6. **Generate an HTML of the report** and commit it to Git, then push
it up to GitHub. Include all the updated code and files on GitHub
for the presentation.
These tasks may seem like a lot, with a lot of new terminology and tools
to use. But don't worry! We will be going over many of these topics and
you will have time to complete the project over the three days. Make use
of the website to remind you and use our
[cheatsheet](../includes/cheatsheet.pdf) as a reference.
At the end, the lead instructor will download each of the teams' Git
projects, render the documents to test their reproducibility, and show
them on the screen for each team to present on.
## Quick "checklist" for a good project
- Project used Git and is on GitHub.
- Included a README with some basic details.

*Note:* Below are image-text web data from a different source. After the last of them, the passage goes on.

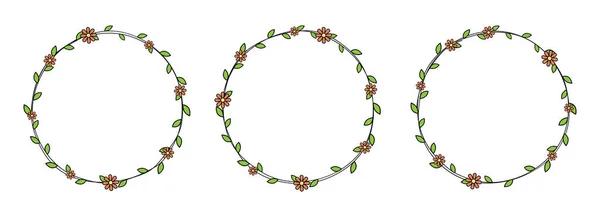 Hand Drawn Circle Frame Decoration Element Leaves Flowers Clip Art — Archivo Imágenes Vectoriales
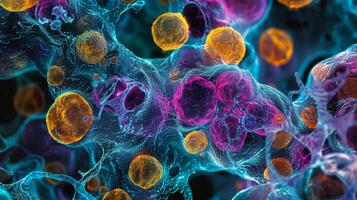 A phasecontrast microscope image of hepatocytes featuring granules within the cells known as lysosomes which play a crucial role in breaking down harmful substances photo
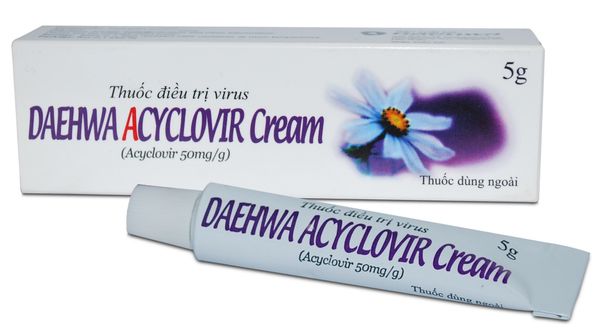 Daehwa Acyclovir cream điều trị virus herpes simplex môi và sinh dục.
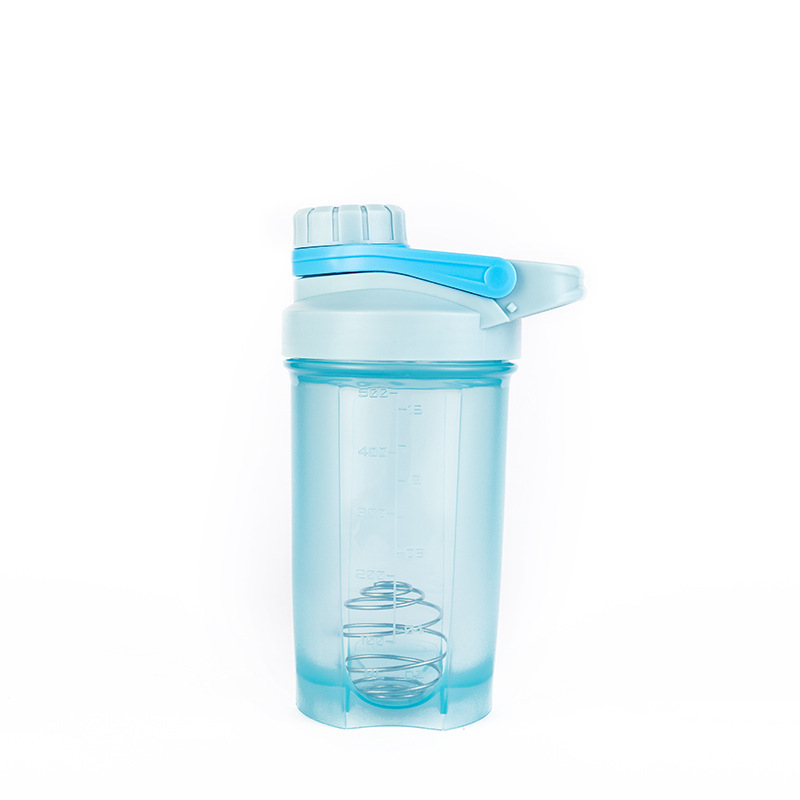 Sticlă shaker cu capac filetat, bidon plastic pentru sport cu logo personalizat, potrivit pentru pudră de proteine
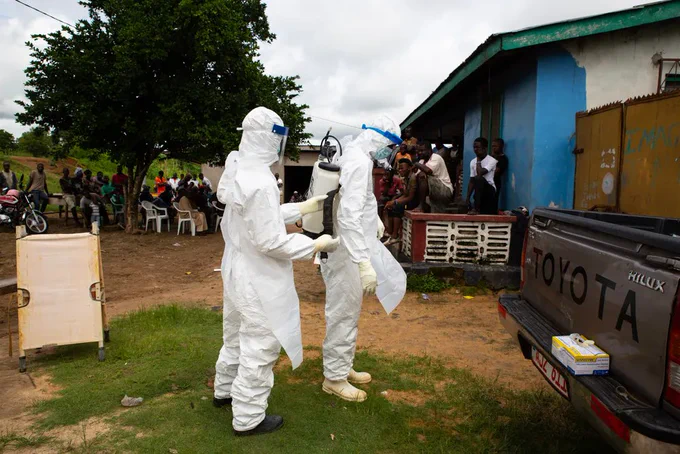 Ebola response teams on the scene of an Ebola outbreak, which shares similarities with Marburg Virus Disease. Image credit: Belen B Massieu/Shutterstock.com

- Used Quarto for making figures and tables.
- Added some basic challenges and general experiences in the
discussion section.
- Generated a final HTML file from a single `report.qmd` Quarto file.

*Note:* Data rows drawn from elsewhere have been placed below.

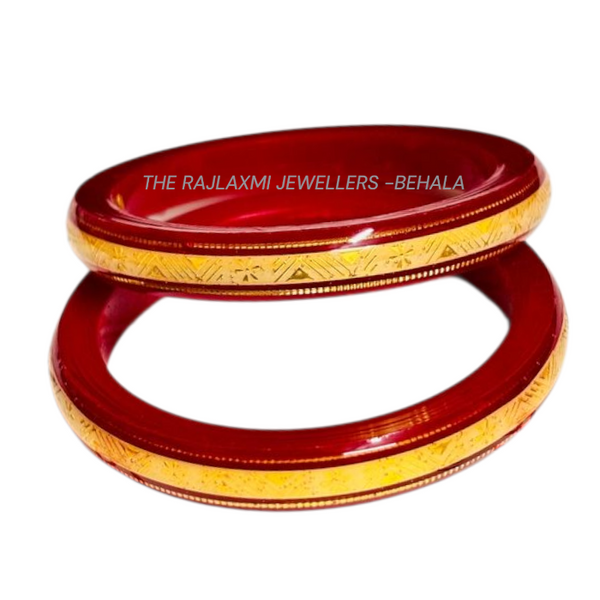 MAGNETIC RED (FACEBOOK VIRAL POLA) GOLDEN DETAILING LAMINATION POLA FULL SCALE DESIGN 1 PAIR FOR WOMEN - NON EXCHANGEABLE ITEM (GET ANY DESIGN AS PER AVAILABILITY)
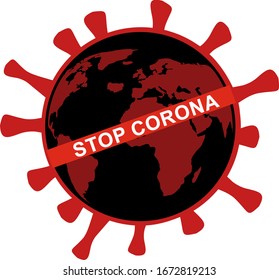 Coronavirus Bacteria Cell Icon, 2019-nCoV Novel Coronavirus Bacteria. No Infection. Stop Coronavirus Concepts.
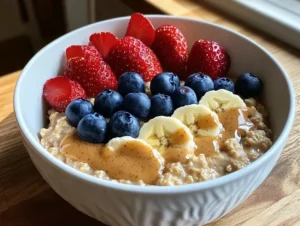 owsianka proteinowa z masłem orzechowym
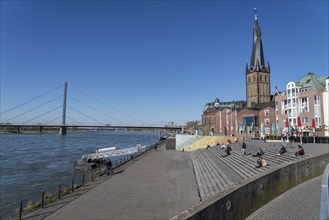 Empty Rhine embankment promenade, consequences of the contact ban, effects of the coronavirus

## Expectations for the project
What we expect you to do for the group project:
- Use Git and GitHub throughout your work.
- Work collaboratively as a group and share responsibilities and
tasks.
- Use as much of what we covered in the course to practice what you
learned.
What we don't expect:
- Complicated analysis or coding. The simpler it is, the easier is to
for you to do the coding and understand what is going on. It also
helps us to see that you've practiced what you've learned.
- Clever or overly concise code. Clearly written and readable code is
*always* better than clever or concise code. Keep it simple and
understandable!
Essentially, the group project is a way to reinforce what you learned
during the course, but in a more relaxed and collaborative setting.